Baltasar Kormarkur est un réalisateur d’origine islandaise, signataire de plusieurs longs-métrages d’abord sur sa terre natale puis à Hollywood, parmi lesquels on se souvient notamment de 1010 Reykjavik, Contrebande, Everest ou A la dérive. Un point commun relie plusieurs de ces films : le thème de l’individu contraint de revenir à ses instincts les plus primitifs pour survivre dans un environnement naturel hostile. Rarement ce motif fut traité de manière aussi frontale que dans Beast, dont le concept se résume finalement à peu de choses : pour sauver sa famille, un homme doit se débarrasser de son costume de citoyen civilisé pour retrouver son animalité la plus élémentaire. D’emblée, nous sommes saisis par la magnifique photographie de Philippe Rousselot, sublimant les extérieurs naturels africains où fut tourné le film, et par la bande originale mi-tribale mi-lyrique de Steven Price (Gravity, Suicide Squad). C’est dans ce cadre qu’entrent en scène nos trois personnages principaux, le docteur Nate Samuels (Idris Elba) et ses deux filles adolescentes Meredith (Iyana Halley) et Norah (Leah Jeffries). L’équilibre de cette famille est instable, les tensions sont palpables. La mère tant aimée, originaire d’Afrique du Sud, est morte depuis peu, et c’est un regard accusateur que les filles portent sur leur père. Pourquoi l’a-t-il quittée avant son décès ? Pourquoi n’a-t-il pas compris qu’elle était malade ? Pourquoi n’a-t-il pas pris ses responsabilités ? Ce trio dysfonctionnel s’installe dans une réserve naturelle gérée par « l’oncle Martin » (Sharlto Copley) dont la bonhomie et la bienveillance apaisent un peu les douleurs encore à vif.
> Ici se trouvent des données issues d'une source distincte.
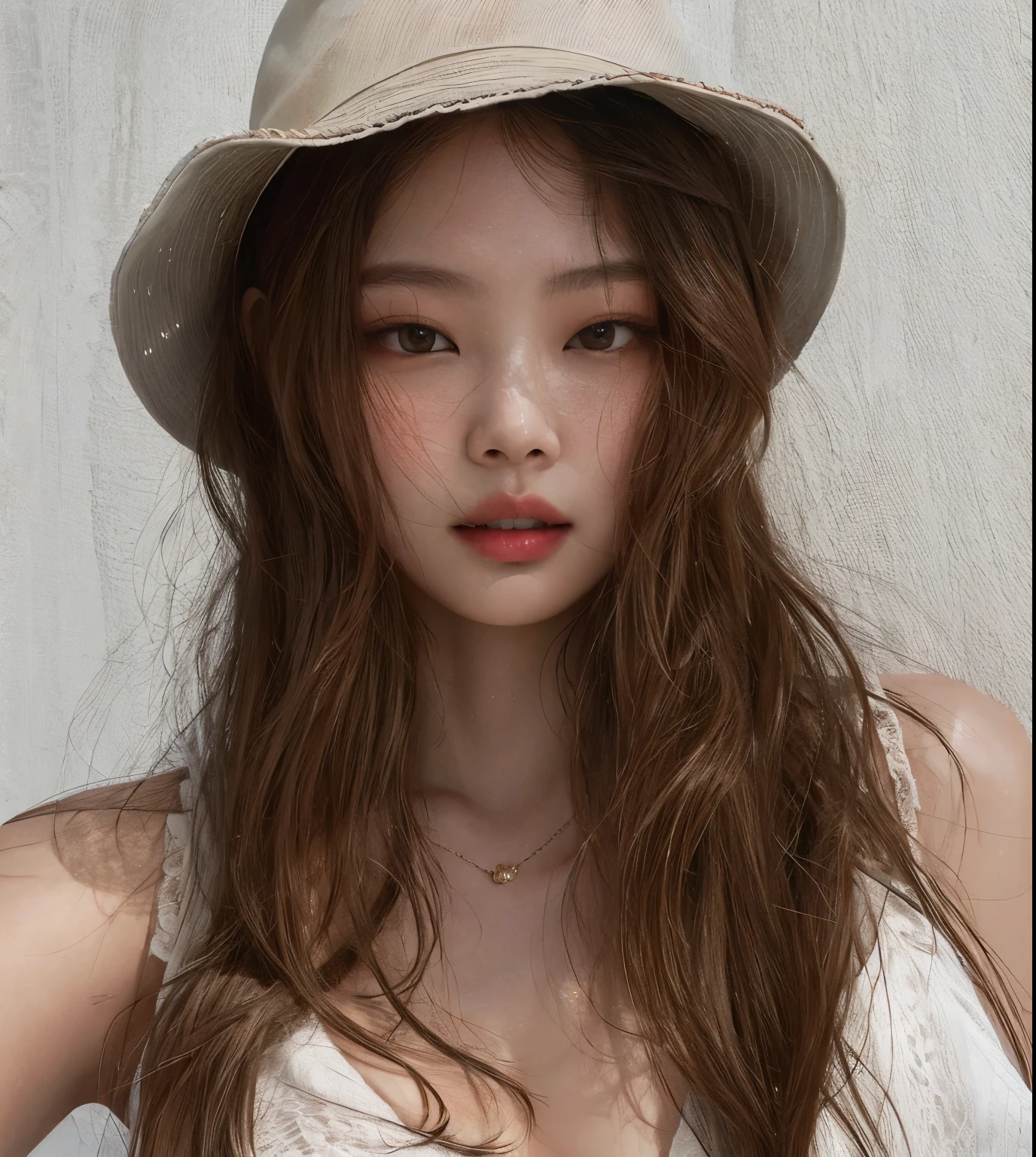 a woman wearing a black hat and a white tank top, popular korean makeup, beautiful south korean woman, beautiful young korean woman, popular south korean makeup, lee ji - eun, lee ji-eun, gorgeous young korean woman, korean women's fashion model, heonhwa choe, hwang se - on, female actress from korea, wavy shoulder-length hair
Le décor étant planté et les protagonistes bien définis, le drame peut survenir. Il prend la forme d’un lion qui, ayant échappé de peu au massacre perpétré par des braconniers, s’enfuit dans la nature et décide dès lors de massacrer tous les humains qui croisent son chemin. À ceux qui pourraient reprocher au film de dresser un portrait peu flatteur du sympathique félidé à crinière, le scénario oppose d’emblée un argument irréfutable : le prédateur de Beast n’est plus un lion mais un monstre vengeur quasi-invincible, un terminator quadrupède que plus rien ne semble pouvoir arrêter. Il dépasse donc allègrement sa nature première de mammifère pour se muer en symbole d’une nature en furie prête à rendre aux humains la monnaie de leur pièce. Œil pour œil, croc pour croc. La réalisation virtuose de Baltasar Kormakur se met au service de cette intrigue ramenée volontairement à sa plus simple expression. Les nombreux longs plans-séquence qui saisissent en temps réel la grande majorité des actions du film ont un remarquable pouvoir immersif, sans pour autant que ces effets de style répétés ne soient ostentatoires. Kormarkur n’essaie pas d’en mettre plein la vue à ses spectateurs mais à les plonger au cœur de cet impitoyable conflit.

La loi de la jungle

Pour que Beast fonctionne à plein régime, il fallait bien sûr que sa créature soit crédible. De ce point de vue, la réussite est totale. Les équipes de la société d’effets visuels Framestore, supervisées par le vétéran Enrik Pavdeja (Inception, Doctor Strange, Jurassic World : Fallen Kingdom), ont conçu un « uber-lion » incroyablement réaliste. Les ébouriffantes séquences d’attaque dans les véhicules évoquent tour à tour Cujo et Jurassic Park (cette dernière référence étant assumée par le T-shirt que porte Meredith en début de métrage). Quant au duel au corps à corps entre l’homme et l’animal, il n’est pas sans rappeler l’un des plus célèbres morceaux d’anthologie de The Revenant. Ce n’est pas un hasard : en amont du tournage, Baltasar Kormakur s’est entretenu avec son collègue mexicain Alejandro González Iñárritu pour savoir quelles techniques avaient été utilisées dans la scène de combat entre Leonardo DiCaprio et un ours. Couplé à la prestation toute en retenue d’Idris Elba, des jeunes comédiennes incarnant ses filles et d’un Sharlto Copley beaucoup plus sobre que d’habitude (nous sommes loin de ses prestations chez Neil Blomkamp ou dans Hardcore Henry), ce gigantesque tour de force technique et artistique hisse Beast au niveau des meilleurs survivals de sa génération.